====== RECORDS SHOWN ======

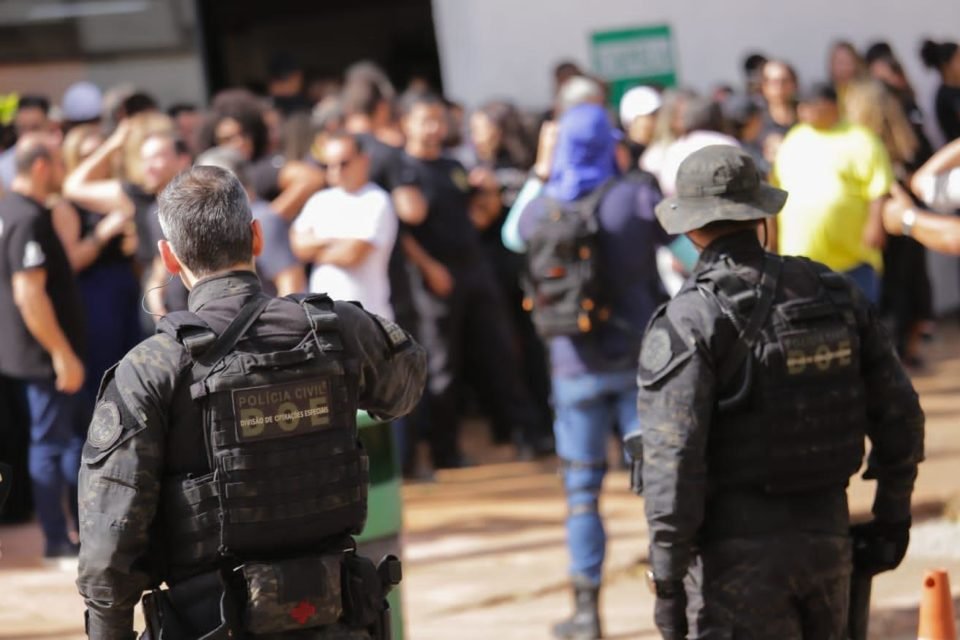 Policiais civis uniformizados participam de velório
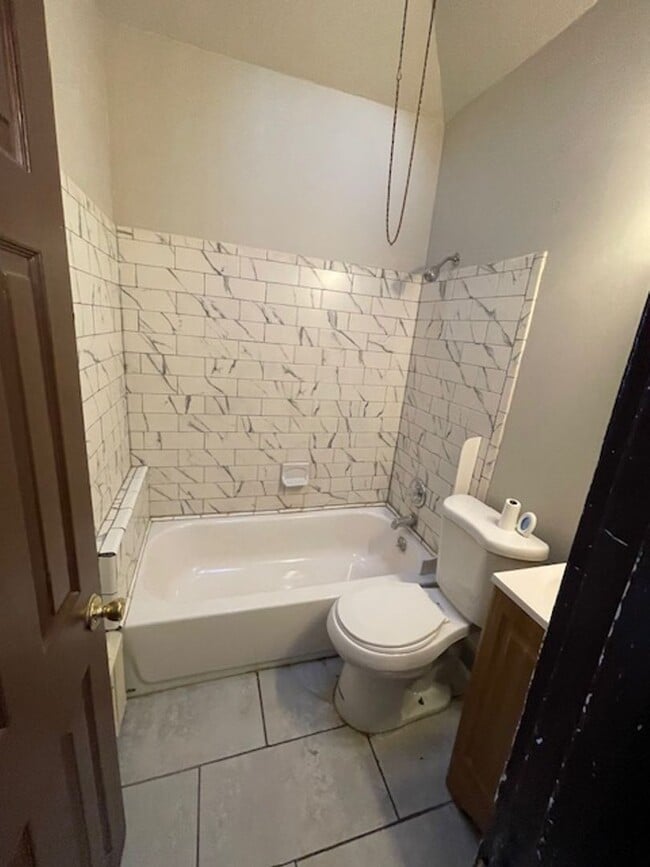 Building Photo - Amazing 3BD/1BA Allegheny Available NOW!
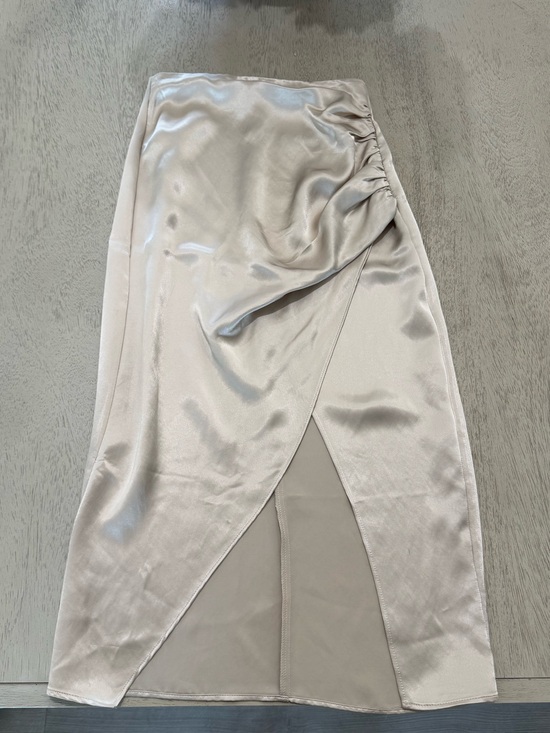 Zara Dresses & Skirts - Zara Silk Skirt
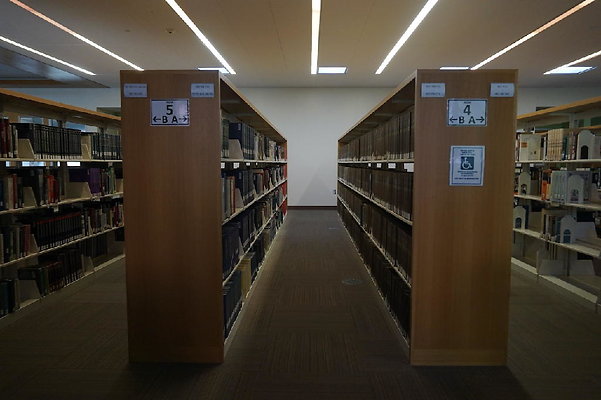 Pierce-Library 14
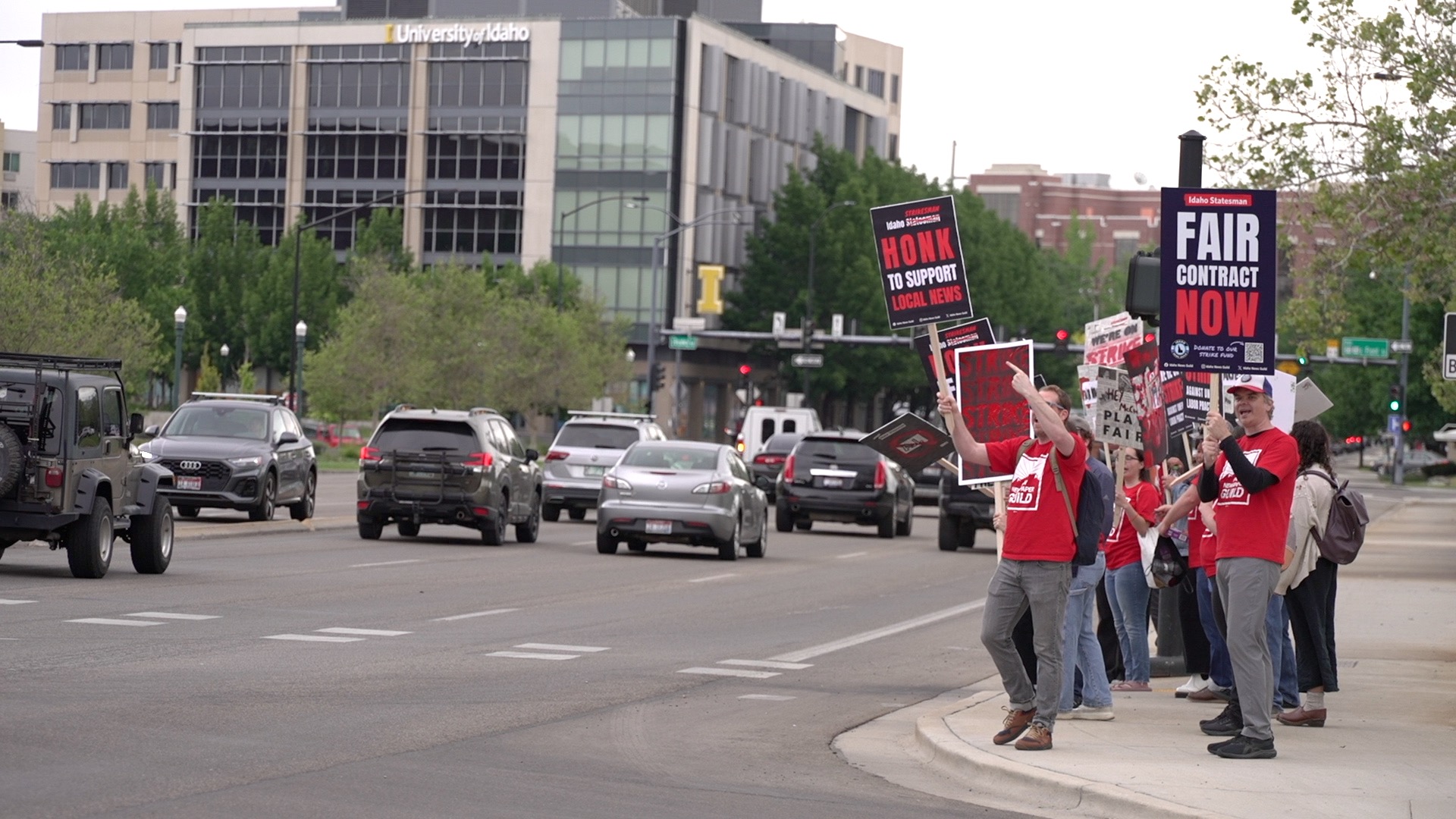 Idaho Statesman reporters picket over wages and AI use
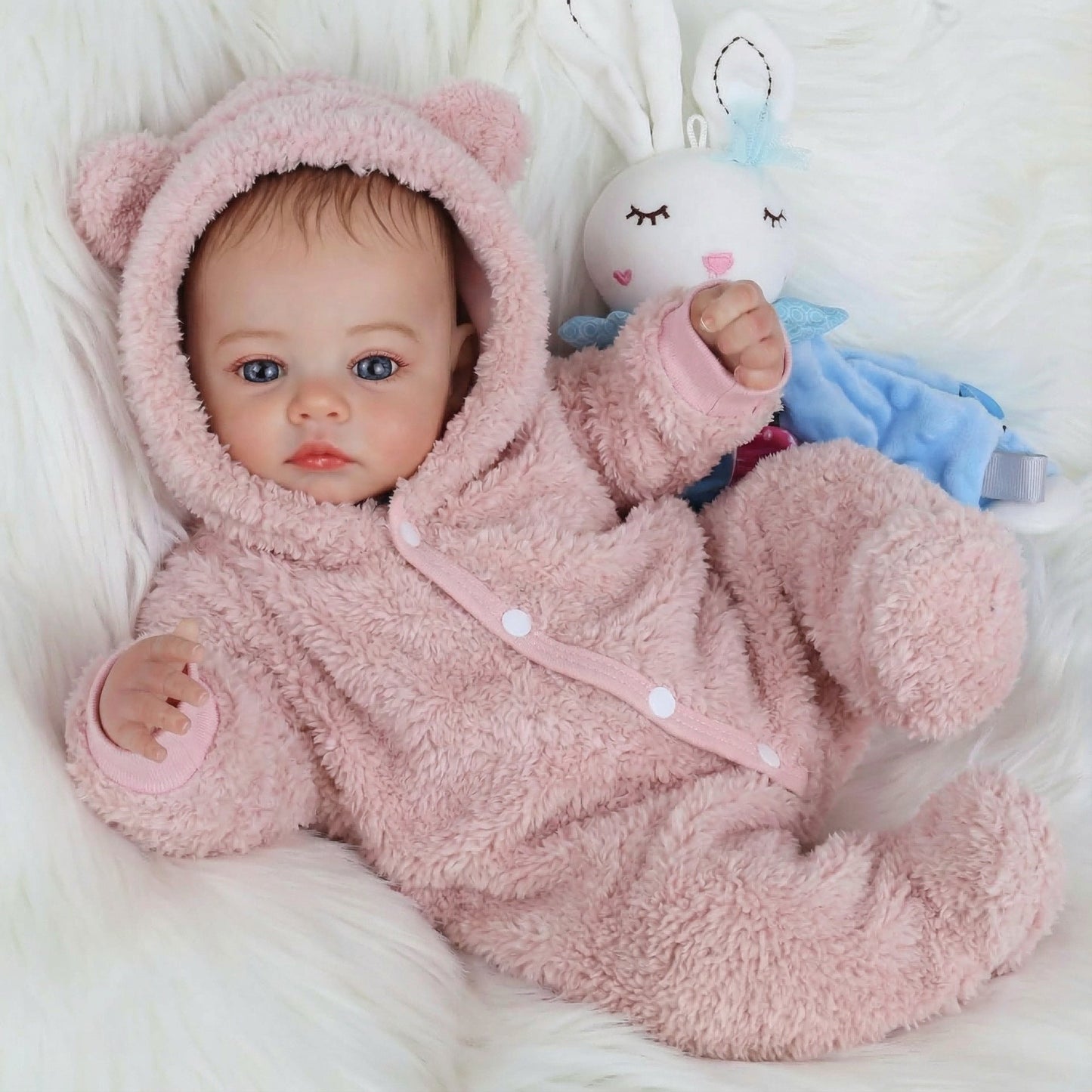 Bébé reborn Meadow de 48 cm aux yeux bleus vêtu de vêtements en peluche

======

EXERCISE: Take the line containing "Idaho Statesman reporters" and every line after it to the end of the records, and restate them verbatim, with no pictures.

ANSWER TO THIS PROBLEM:
 Idaho Statesman reporters picket over wages and AI use
 Bébé reborn Meadow de 48 cm aux yeux bleus vêtu de vêtements en peluche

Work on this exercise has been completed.